Hardways (Hard 4 & Hard 10)
Betting that the shooter rolls a specific pair (2+2 for Hard 4, or 5+5 for Hard 10) before rolling the number any other way or rolling a 7. Pays 7:1, but the true odds are 8:1. There is only one way to roll a Hard 4, but there are eight ways to lose.
C & E (Craps & Eleven)
A split bet between Any Craps and Yo (11). Covers five numbers (2, 3, 11, 12) across 36 combinations. It looks like broad coverage, but you are paying a heavy premium for that spread. When one side wins, the other side still loses.
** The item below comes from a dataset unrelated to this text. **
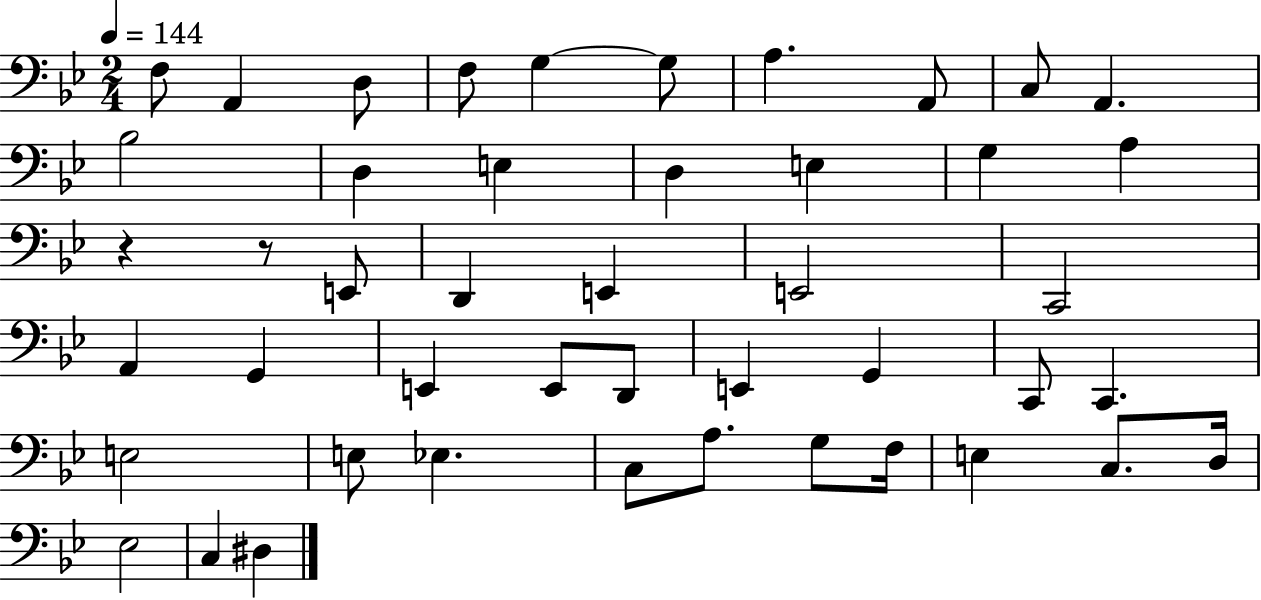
F3/e A2/q D3/e F3/e G3/q G3/e A3/q. A2/e C3/e A2/q. Bb3/h D3/q E3/q D3/q E3/q G3/q A3/q R/q R/e E2/e D2/q E2/q E2/h C2/h A2/q G2/q E2/q E2/e D2/e E2/q G2/q C2/e C2/q. E3/h E3/e Eb3/q. C3/e A3/e. G3/e F3/s E3/q C3/e. D3/s Eb3/h C3/q D#3/q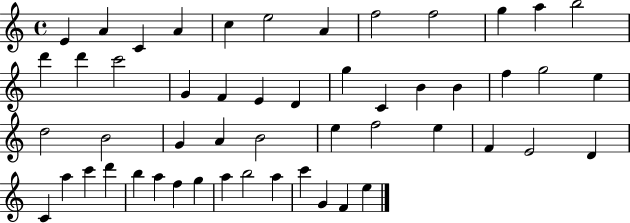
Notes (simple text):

E4/q A4/q C4/q A4/q C5/q E5/h A4/q F5/h F5/h G5/q A5/q B5/h D6/q D6/q C6/h G4/q F4/q E4/q D4/q G5/q C4/q B4/q B4/q F5/q G5/h E5/q D5/h B4/h G4/q A4/q B4/h E5/q F5/h E5/q F4/q E4/h D4/q C4/q A5/q C6/q D6/q B5/q A5/q F5/q G5/q A5/q B5/h A5/q C6/q G4/q F4/q E5/q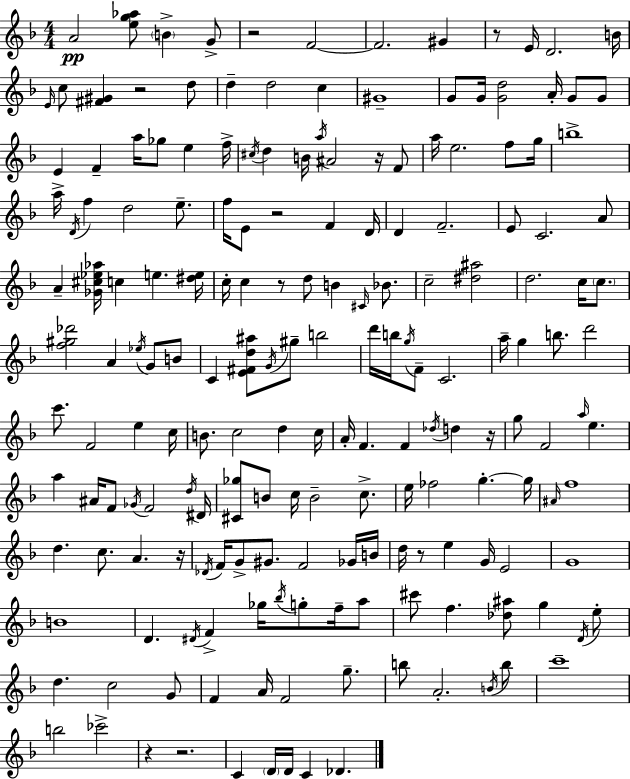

Hardways (Hard 6 & Hard 8)
Slightly better than Hard 4/10 because there are more ways to roll 6 and 8 (meaning the bet resolves faster), but still a bad deal. Pays 9:1 when true odds are 10:1. The casino takes a little over 9 cents of every dollar.
Big 6 & Big 8
This is the most obviously bad bet on the table, and the reason is simple: the Place 6 and Place 8 bets cover the exact same outcome but pay 7:6 instead of even money. Big 6/8 pays 1:1. Same number, same dice, worse payout. There is no reason to ever make this bet. Place the 6 or 8 instead and cut the edge from 9.09% to 1.52%.
Place 4 & Place 10
Not terrible by proposition bet standards, but still nearly 5x worse than the Pass Line. The payout is 9:5 when true odds would be 2:1 (which is 10:5). That missing unit on every win is where the 6.67% edge lives. If you want action on 4 or 10, Buy bets with a 5% commission are a slightly better deal.
Field Bet (Standard: 2x on 12)
The Field is tricky because it wins on 7 of the 11 possible totals (2, 3, 4, 9, 10, 11, 12). That makes it feel like it hits all the time. And it does hit often. But the numbers that are missing (5, 6, 7, 8) account for 20 of the 36 possible dice combinations. You are winning on the less common numbers and losing on the most common ones. At casinos that pay triple on the 12, the edge drops to 2.78%, which is more tolerable but still not great.
Pass Line + Free Odds
The Pass Line at 1.41% is already one of the best bets in the casino. Adding Free Odds behind it (which has a 0% house edge) brings the combined edge down to fractions of a percent. With 3-4-5x odds (the most common offer), your total edge is about 0.37%. That is less than basic strategy blackjack.
Place 6 or Place 8
If you want more numbers working, Place 6 and Place 8 are the only place bets worth making. Bet in multiples of $6 so the 7:6 payout works cleanly. At 1.52%, these are almost as good as the Pass Line itself.